[Saved data entries]
* * * * *
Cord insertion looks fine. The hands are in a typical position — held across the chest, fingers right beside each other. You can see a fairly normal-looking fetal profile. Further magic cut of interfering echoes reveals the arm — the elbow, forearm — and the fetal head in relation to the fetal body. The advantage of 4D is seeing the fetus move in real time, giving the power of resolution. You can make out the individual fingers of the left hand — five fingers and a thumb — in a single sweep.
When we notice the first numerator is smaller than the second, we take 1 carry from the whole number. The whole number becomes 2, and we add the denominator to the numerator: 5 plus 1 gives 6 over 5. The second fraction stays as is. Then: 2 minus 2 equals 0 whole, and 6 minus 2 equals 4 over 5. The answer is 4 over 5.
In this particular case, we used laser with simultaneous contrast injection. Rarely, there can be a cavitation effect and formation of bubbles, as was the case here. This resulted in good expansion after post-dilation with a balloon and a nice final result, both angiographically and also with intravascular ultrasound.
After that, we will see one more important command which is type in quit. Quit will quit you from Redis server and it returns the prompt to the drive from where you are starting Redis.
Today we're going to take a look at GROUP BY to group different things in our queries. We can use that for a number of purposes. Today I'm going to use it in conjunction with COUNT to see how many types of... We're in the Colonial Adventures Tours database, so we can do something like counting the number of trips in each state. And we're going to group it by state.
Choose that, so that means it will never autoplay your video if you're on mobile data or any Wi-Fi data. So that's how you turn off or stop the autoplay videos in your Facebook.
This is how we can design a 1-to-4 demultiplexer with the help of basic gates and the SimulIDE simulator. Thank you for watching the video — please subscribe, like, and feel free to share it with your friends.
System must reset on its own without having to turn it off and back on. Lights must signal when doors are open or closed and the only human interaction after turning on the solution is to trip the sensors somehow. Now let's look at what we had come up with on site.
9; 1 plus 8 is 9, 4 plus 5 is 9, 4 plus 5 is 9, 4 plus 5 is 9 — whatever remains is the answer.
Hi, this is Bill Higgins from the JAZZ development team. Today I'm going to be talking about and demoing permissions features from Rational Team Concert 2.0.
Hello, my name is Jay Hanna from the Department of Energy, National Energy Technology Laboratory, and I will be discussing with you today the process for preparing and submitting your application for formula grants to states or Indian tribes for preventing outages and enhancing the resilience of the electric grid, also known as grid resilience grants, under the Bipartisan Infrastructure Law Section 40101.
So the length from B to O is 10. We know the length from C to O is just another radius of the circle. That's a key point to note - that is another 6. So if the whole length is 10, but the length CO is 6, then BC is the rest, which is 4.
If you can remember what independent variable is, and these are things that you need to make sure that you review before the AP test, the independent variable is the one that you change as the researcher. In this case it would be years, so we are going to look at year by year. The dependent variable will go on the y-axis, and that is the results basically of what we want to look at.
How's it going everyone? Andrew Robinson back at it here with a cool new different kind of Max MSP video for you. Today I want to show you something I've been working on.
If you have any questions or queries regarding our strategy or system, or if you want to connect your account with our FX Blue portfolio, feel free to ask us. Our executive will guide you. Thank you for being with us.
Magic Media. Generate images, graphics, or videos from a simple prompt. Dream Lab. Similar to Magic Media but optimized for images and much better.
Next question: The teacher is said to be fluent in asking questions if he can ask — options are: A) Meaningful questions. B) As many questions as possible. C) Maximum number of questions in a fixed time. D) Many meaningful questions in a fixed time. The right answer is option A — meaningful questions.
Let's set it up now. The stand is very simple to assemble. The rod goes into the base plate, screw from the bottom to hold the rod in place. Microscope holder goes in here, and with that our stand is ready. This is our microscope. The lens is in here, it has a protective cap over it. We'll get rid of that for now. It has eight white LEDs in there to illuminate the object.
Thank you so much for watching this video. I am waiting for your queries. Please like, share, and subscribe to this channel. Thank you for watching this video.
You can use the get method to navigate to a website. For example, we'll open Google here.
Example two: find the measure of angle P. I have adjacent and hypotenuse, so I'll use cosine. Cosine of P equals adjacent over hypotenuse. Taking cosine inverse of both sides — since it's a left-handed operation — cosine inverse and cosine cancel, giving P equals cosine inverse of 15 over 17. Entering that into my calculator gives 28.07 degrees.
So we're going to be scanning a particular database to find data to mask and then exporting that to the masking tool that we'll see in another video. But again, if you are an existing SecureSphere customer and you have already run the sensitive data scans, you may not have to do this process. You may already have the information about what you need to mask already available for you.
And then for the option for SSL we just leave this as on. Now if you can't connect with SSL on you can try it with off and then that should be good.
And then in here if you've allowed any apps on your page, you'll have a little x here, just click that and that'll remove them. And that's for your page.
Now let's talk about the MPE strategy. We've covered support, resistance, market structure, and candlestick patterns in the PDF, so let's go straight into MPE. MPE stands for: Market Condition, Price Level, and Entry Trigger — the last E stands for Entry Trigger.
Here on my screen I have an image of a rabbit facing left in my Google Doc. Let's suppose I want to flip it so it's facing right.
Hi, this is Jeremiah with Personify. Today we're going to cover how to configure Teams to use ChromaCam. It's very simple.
* * * * *
Take the entries above and copy out all lines with the string "videos".

● **Task output**:
Choose that, so that means it will never autoplay your video if you're on mobile data or any Wi-Fi data. So that's how you turn off or stop the autoplay videos in your Facebook.
Magic Media. Generate images, graphics, or videos from a simple prompt. Dream Lab. Similar to Magic Media but optimized for images and much better.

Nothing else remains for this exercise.